Met or Exceeded Expectations: Read
- La’Roi Glover – Yes, his expectations were high, but he’s still the only player in Cowboys history to make the Pro Bowl in every year of his time with the club – four straight.
- Marc Colombo – A first-round pick on whom the Bears gave up, Colombo eventually started for five years and brought a much-needed attitude to the line.
- Brandon Carr – It’s still early, but what he’s done so far has been amazing. He’s not just a clutch playmaker, but also a leader in the locker room.
- Terrell Owens – Say what you want about his antics, but on the field, he was one of the better players the Cowboys have had in a three-year span. His production should never be questioned.
- Keith Brooking – He brought experience and leadership to the defense. Teaming up with Bradie James, they were a formidable duo on the playoff-winning team of 2009. But he didn’t have a lot left in the tank.

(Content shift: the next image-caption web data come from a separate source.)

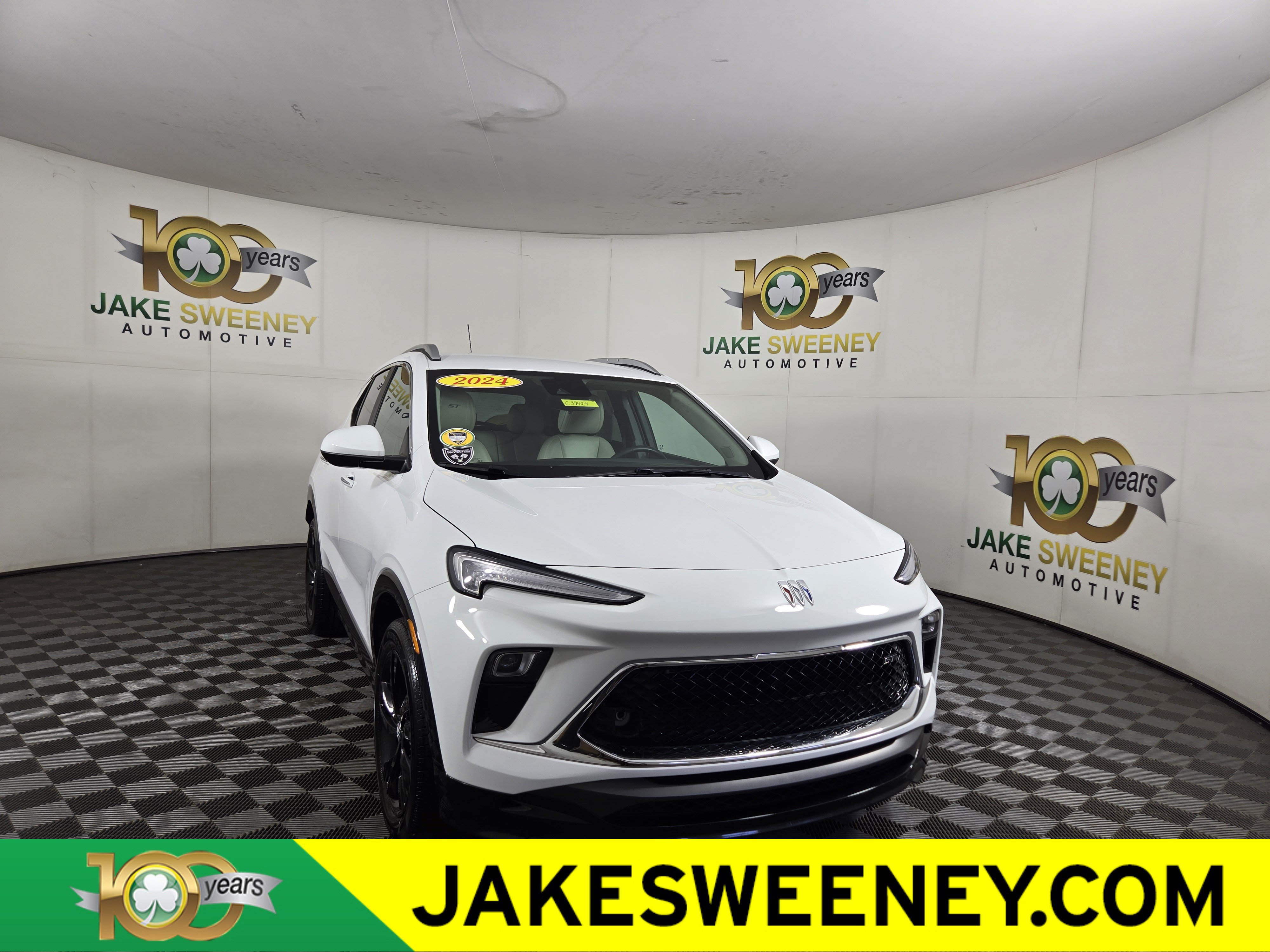 Used 2024 Buick Encore GX Sport Touring FWD image 1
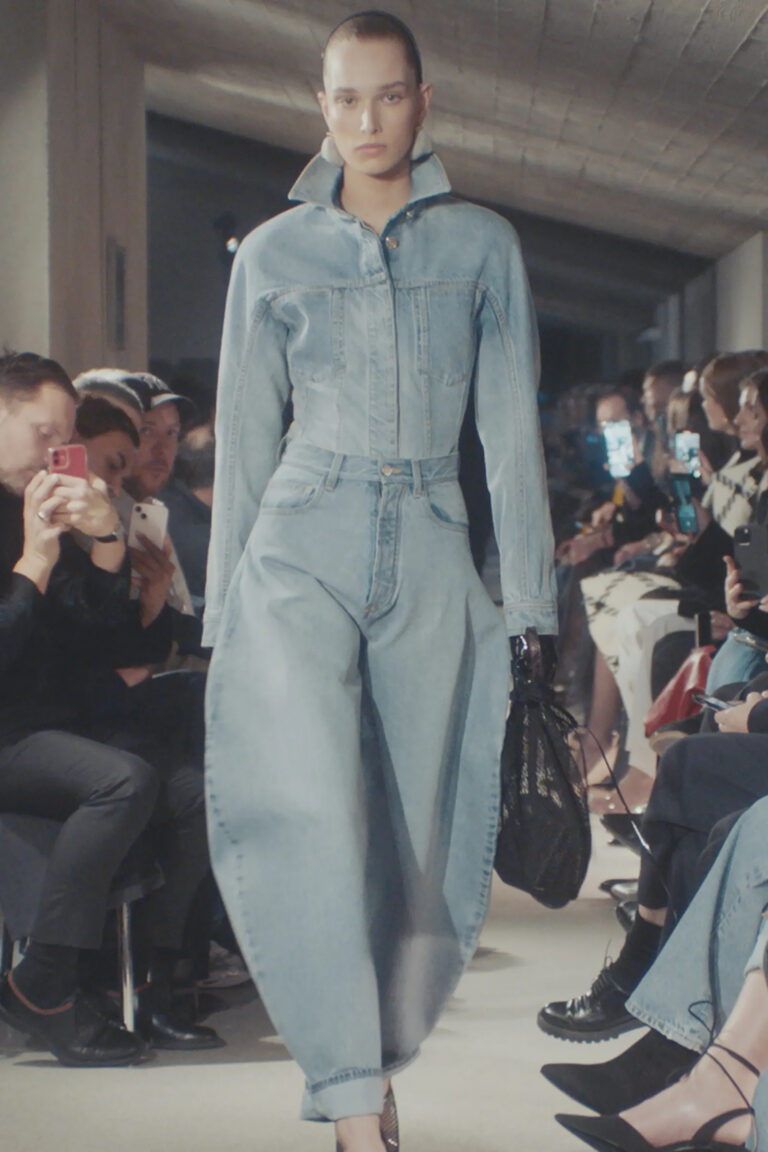 calça jeans barrel 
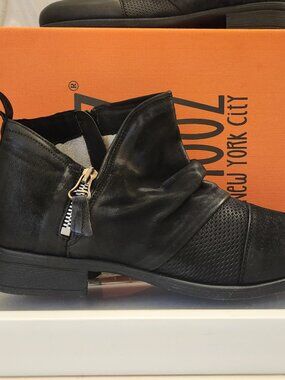 Miz Mooz Slinky Black Leather Booties. NIB. Size 9.5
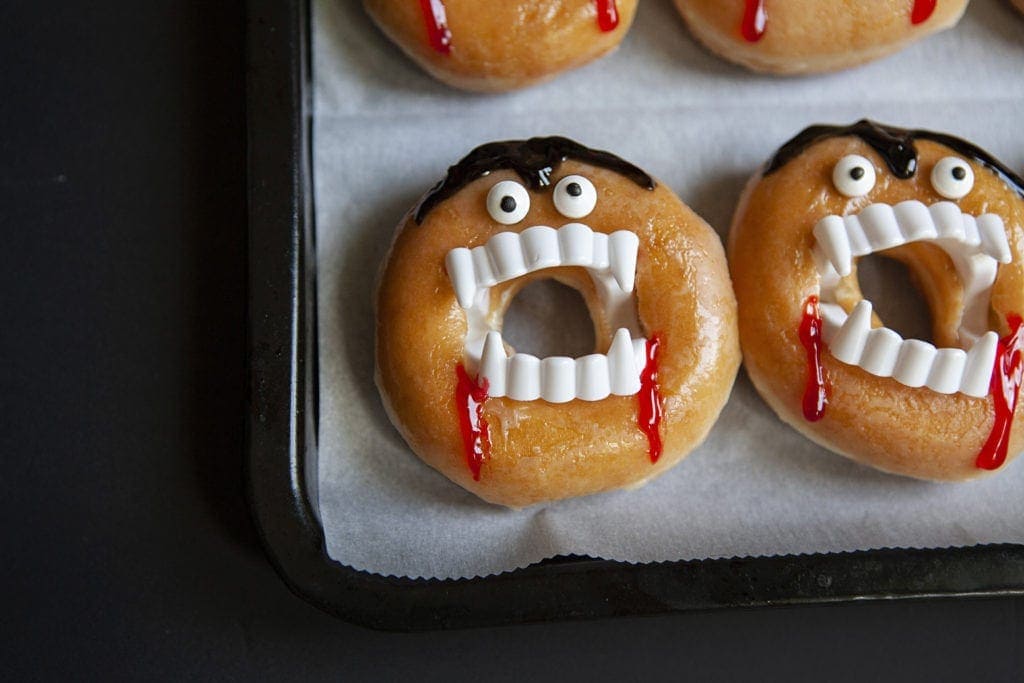 how to make vampire donuts easy, dracula donuts for halloween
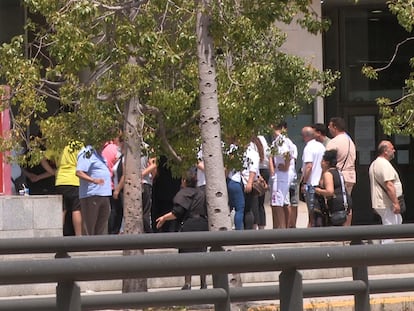 Decenas de familiares de los cinco detenidos por la agresión sexual en Burjassot en mayo se concentraron en la Ciudad de la Justicia de Valencia a la espera de la decisión de la jueza sobre el destino de los menores que quedaron en libertad vigilada.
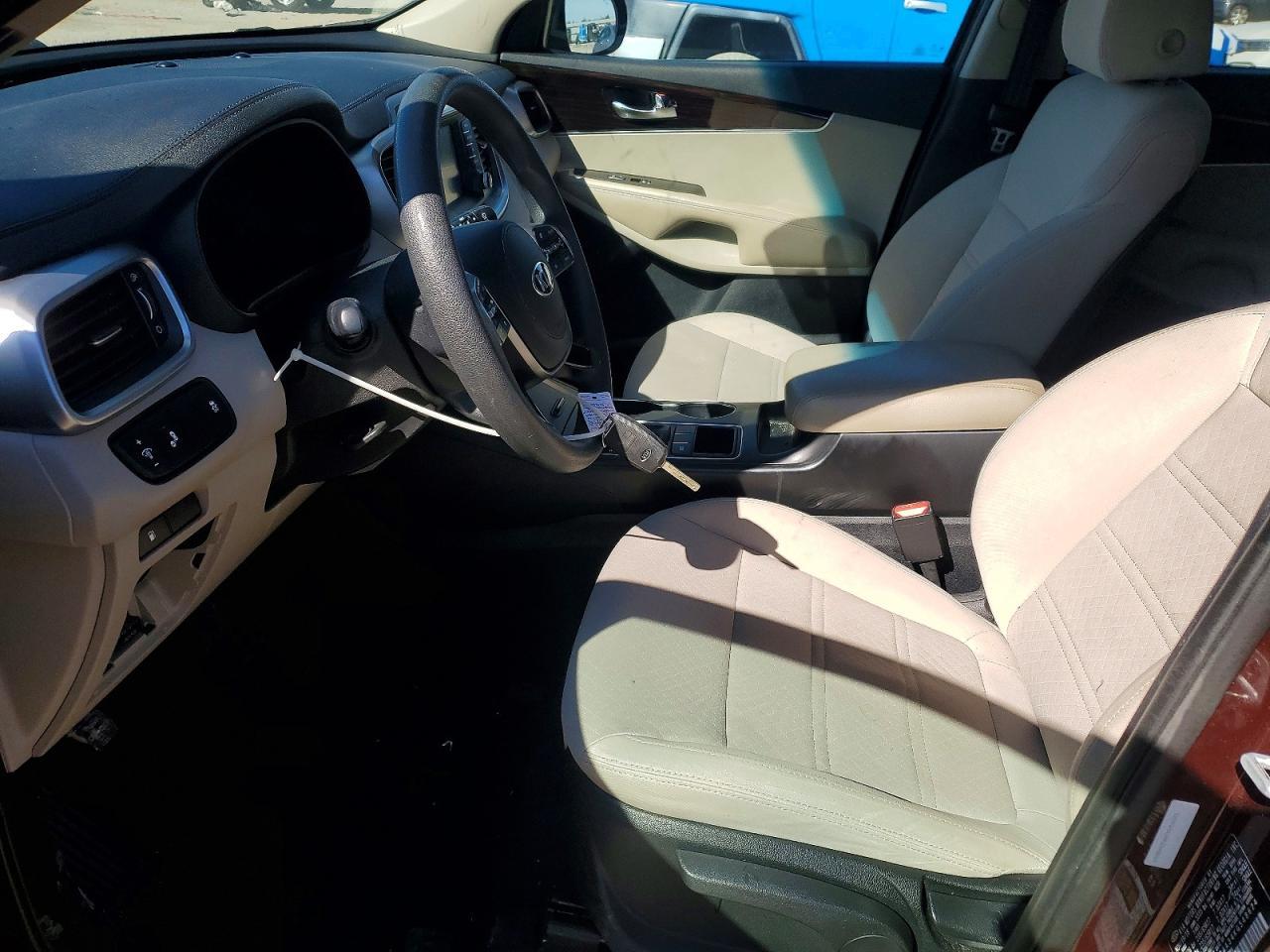 2019 Kia Sorento Lx - Image 7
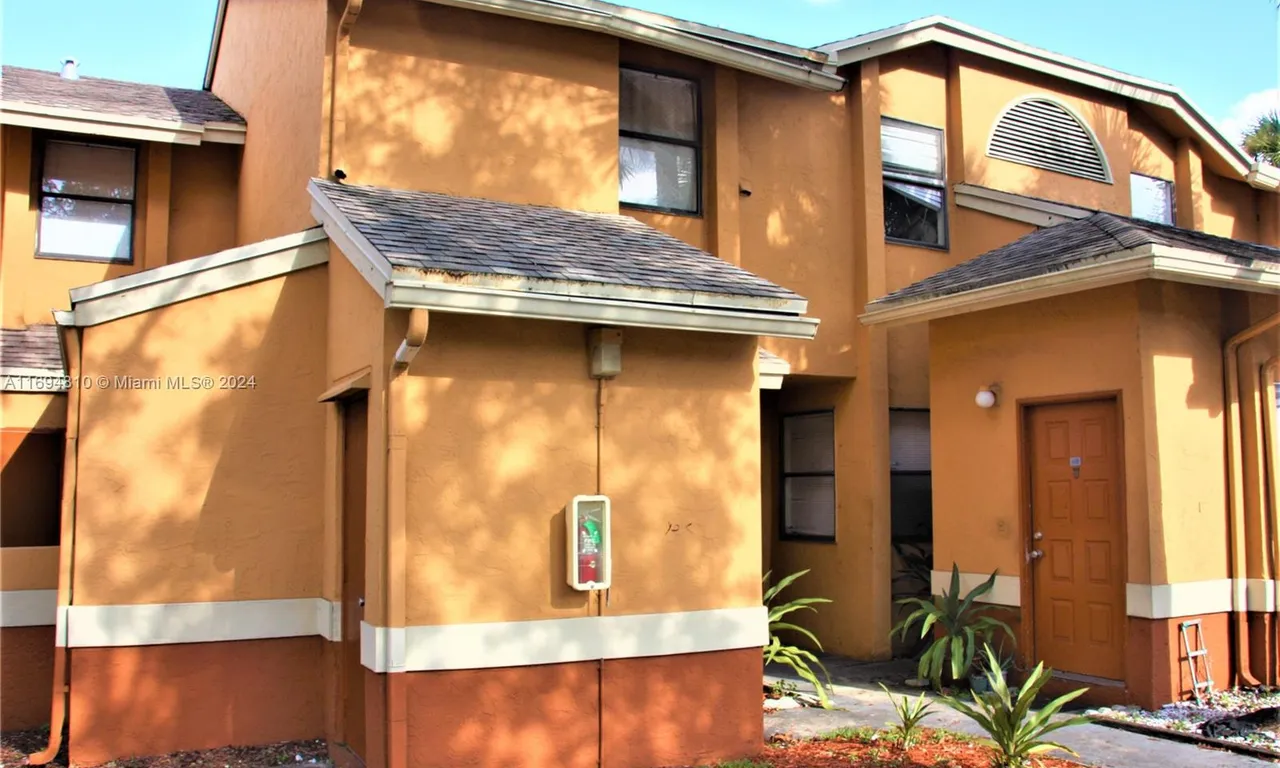 2531 NW 56th Ave # 109, Lauderhill FL 33313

- Keyshawn Johnson – The Cowboys thought they would get a good receiver near the end of his career and that’s what he was. A Parcells-guy brought in to help the locker room, Keyshawn nearly had 1,000 yards before an ankle injury in the final game of 2004.
- Drew Bledsoe – The Cowboys needed some stability at quarterback after the Quincy/Chutch experience. He was good for Parcells, but his lack of mobility was evident, especially when Romo replaced him.
- Zach Thomas – While he wasn’t near the player he was in Miami, Thomas came in for one season in 2008 and recorded 177 tackles.
- Vinny Testaverde – Another Parcells guy who was needed more than they thought after the Quincy release. He wasn’t great, but considering the circumstances, he was a solid vet.
- Terry Glenn –If he could’ve put together another 1,000-yard season in 2007, he would’ve ranked in the Top 5 in Cowboys history in receiving yards. Instead, he hurt his knee in camp and never really played again. But he was a first-round pick with the Pats so expectations were high.